### [Your instructions]
Reproduce every line of the material below, but drop the pictures.

### [Supplied data]
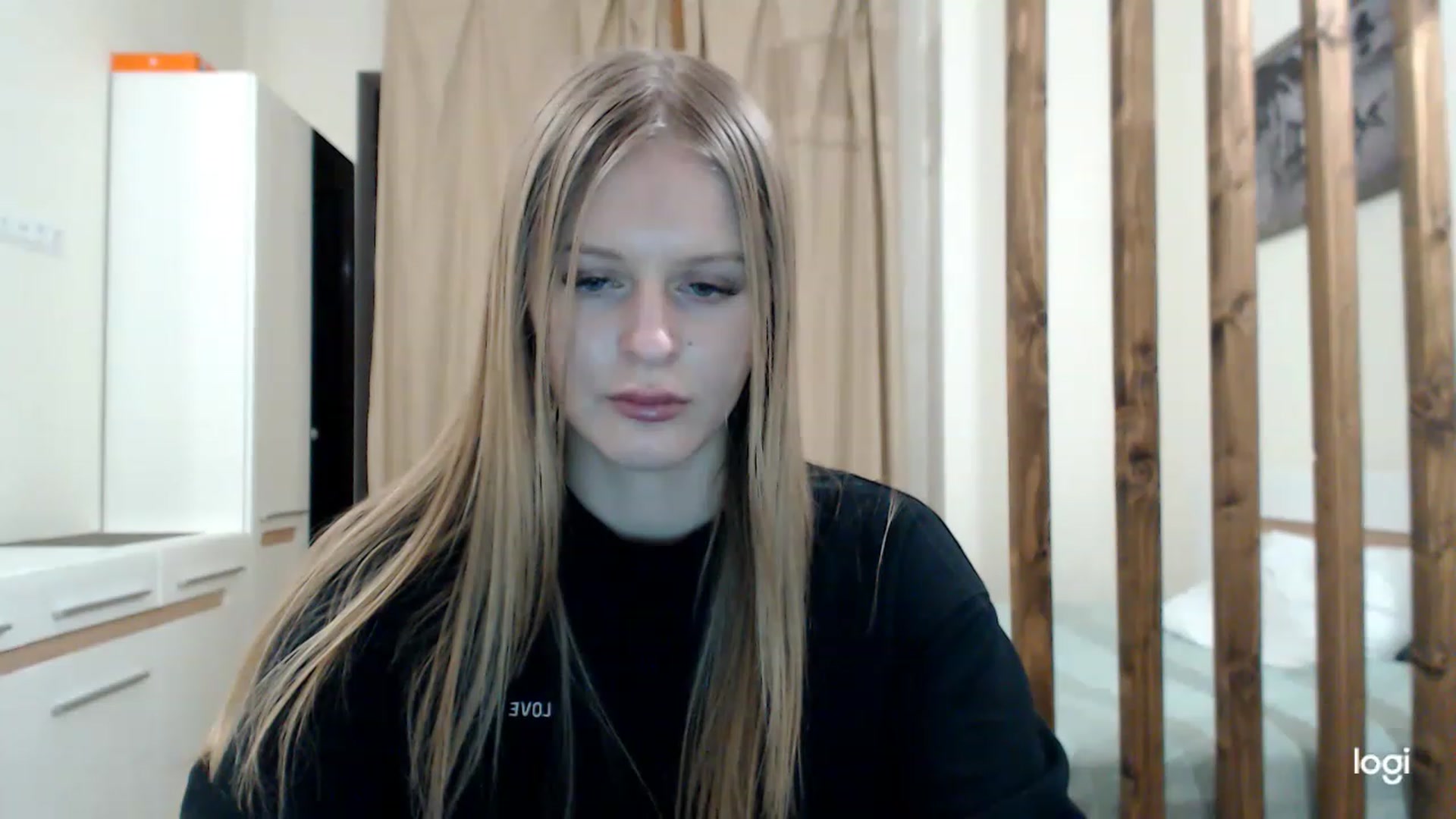 Gallery image thumbnail from MonicaBlondie's myfreecams stream on, 03/05/2023, 18:56 image 10 of 20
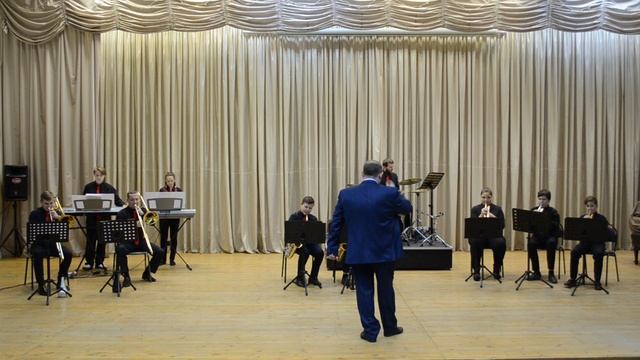 В кейптаунском порту - оркестр 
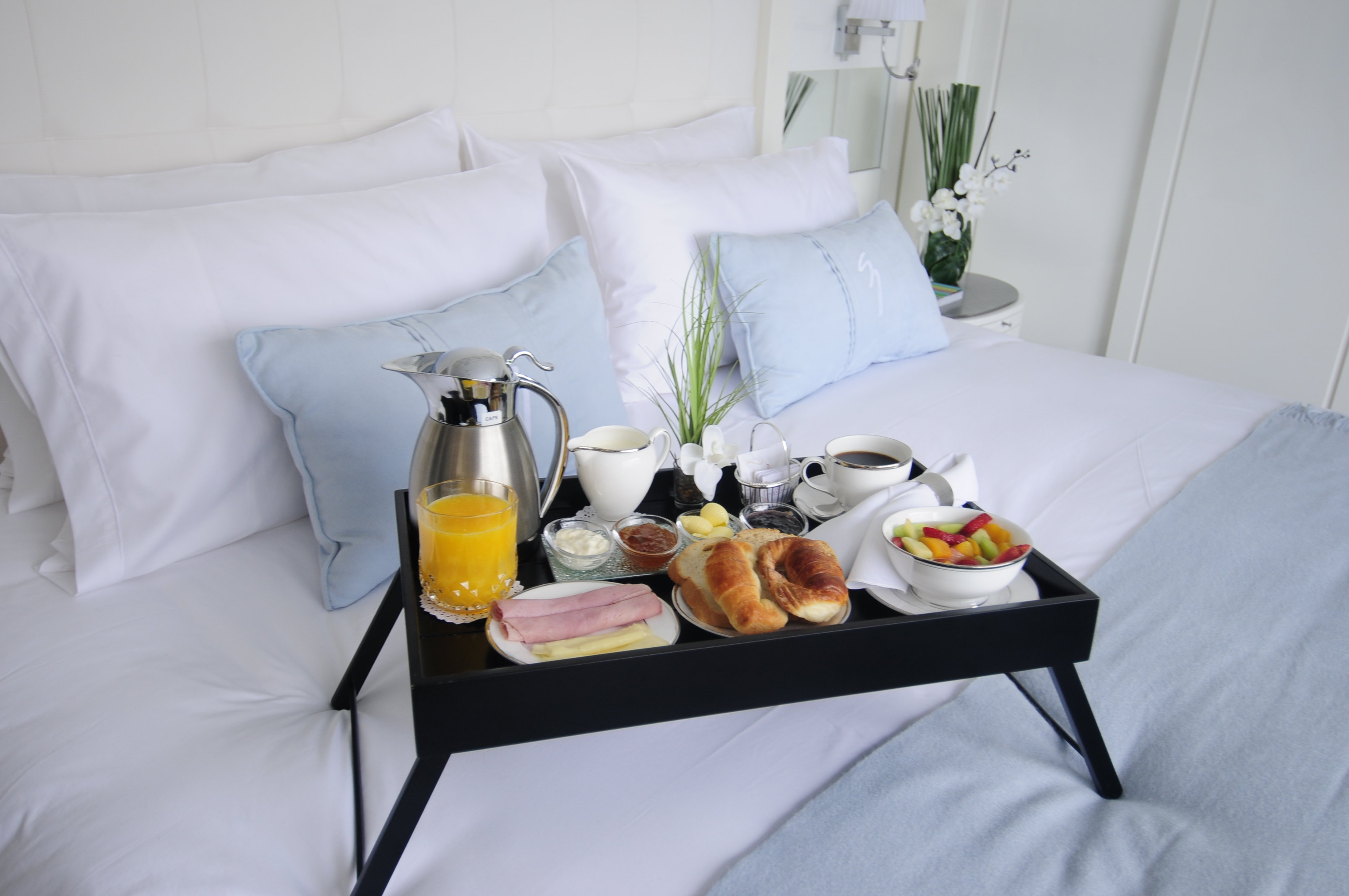 1828 Smart Hotel by null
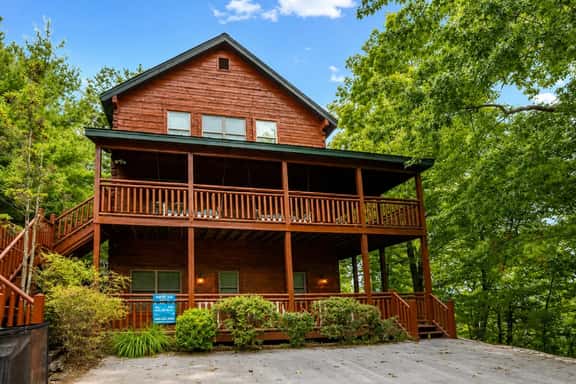 Luxury Cabin with Hot Tub, Game Room, 5 King Suites - Image 1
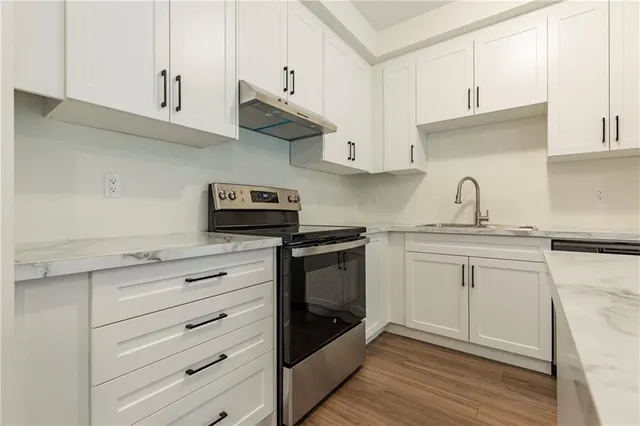 Additional property image - 100 BEDDOE Dr Unit 92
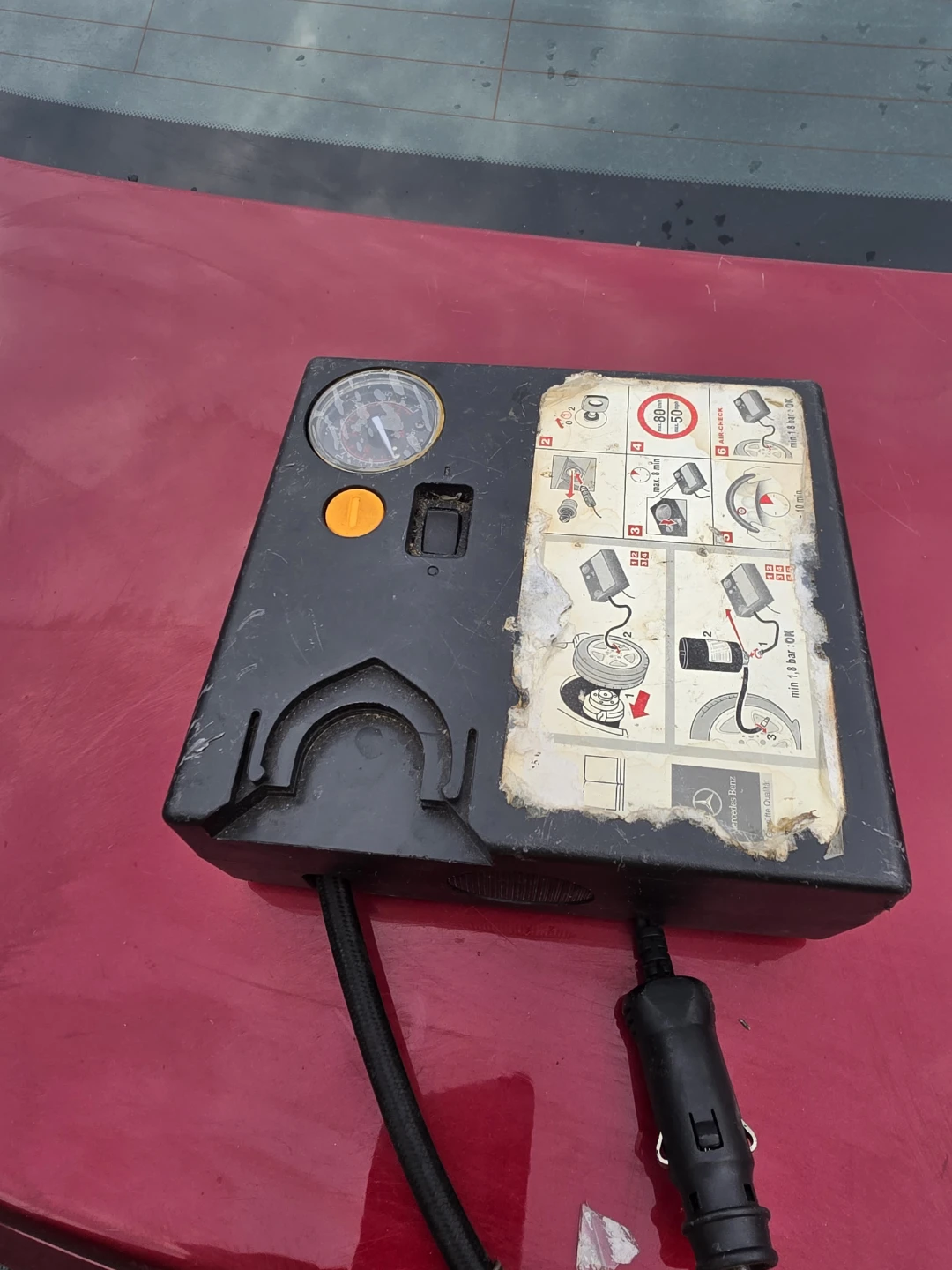 Active Tools 12V Air Compressor - photo 2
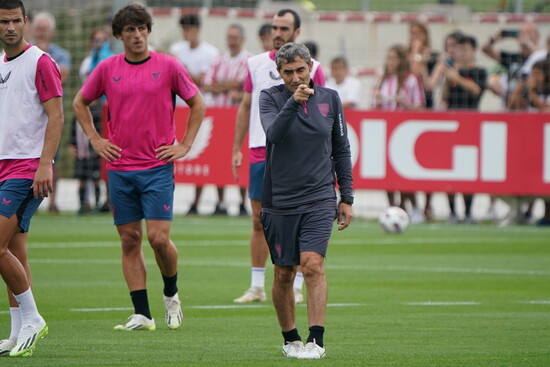 Ernesto Valverde da instrucciones a sus jugadores durante un entrenamiento en Lezama.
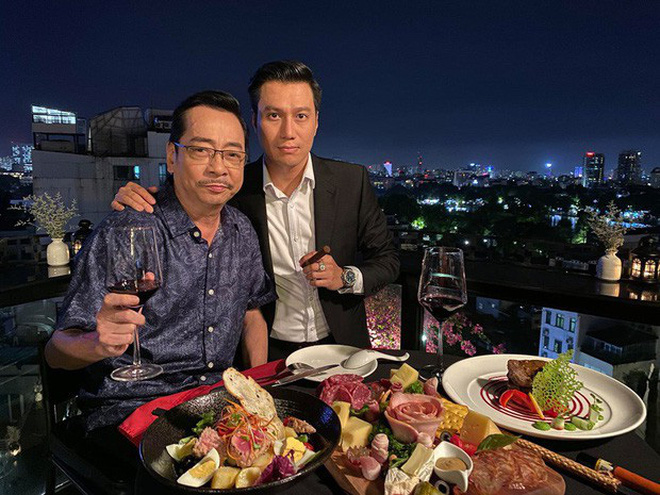 Việt Anh tích cực quay clip cận mặt sau hàng loạt tranh cãi chuyện thẩm mỹ nhưng vẫn bị phản ứng trái chiều-5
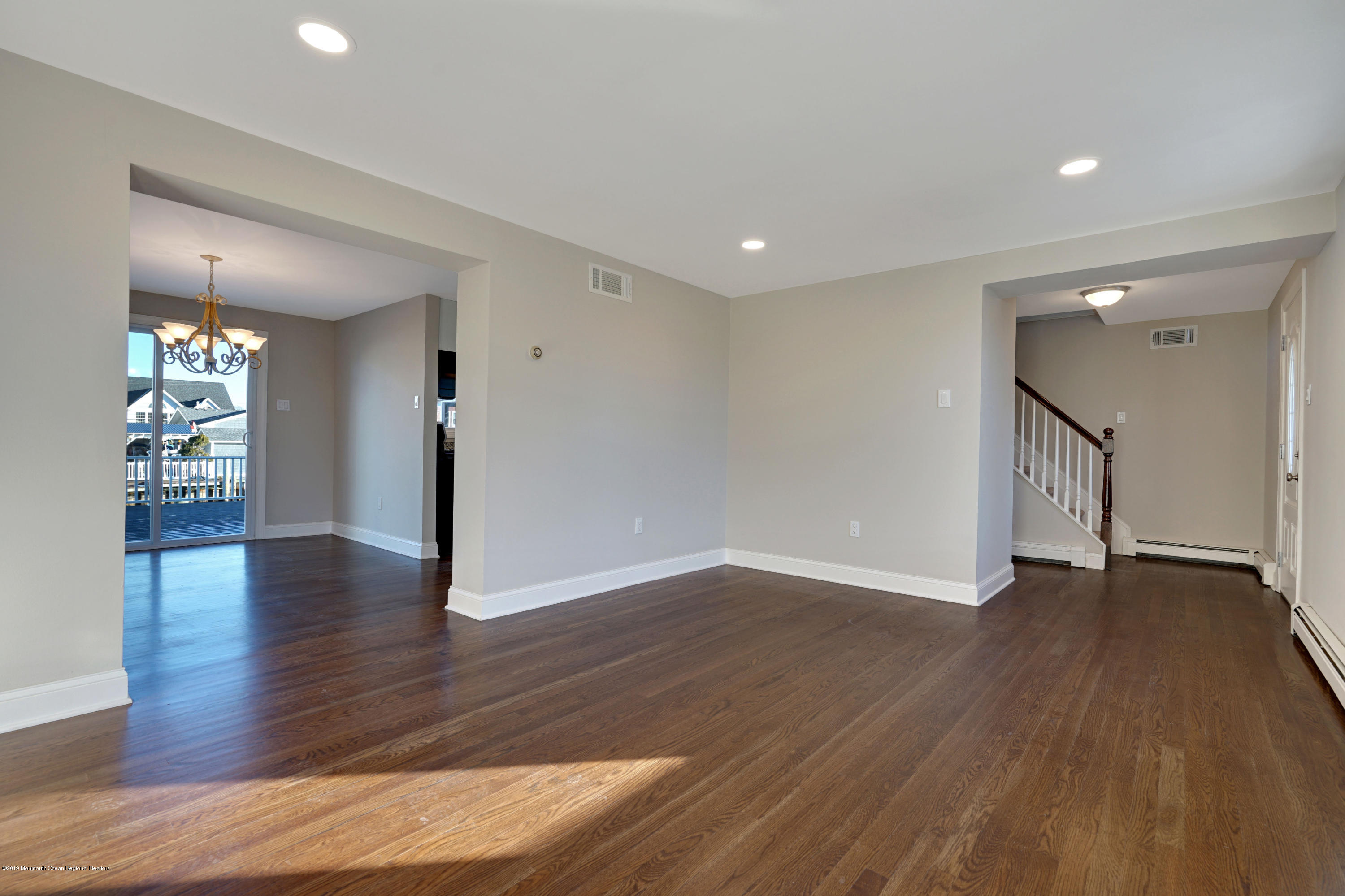 13 Neptune Road Toms River, NJ 08753 - Photo 16 of 50 Living Room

### [Final answer]
 Gallery image thumbnail from MonicaBlondie's myfreecams stream on, 03/05/2023, 18:56 image 10 of 20
 В кейптаунском порту - оркестр 
 1828 Smart Hotel by null
 Luxury Cabin with Hot Tub, Game Room, 5 King Suites - Image 1
 Additional property image - 100 BEDDOE Dr Unit 92
 Active Tools 12V Air Compressor - photo 2
 Ernesto Valverde da instrucciones a sus jugadores durante un entrenamiento en Lezama.
 Việt Anh tích cực quay clip cận mặt sau hàng loạt tranh cãi chuyện thẩm mỹ nhưng vẫn bị phản ứng trái chiều-5
 13 Neptune Road Toms River, NJ 08753 - Photo 16 of 50 Living Room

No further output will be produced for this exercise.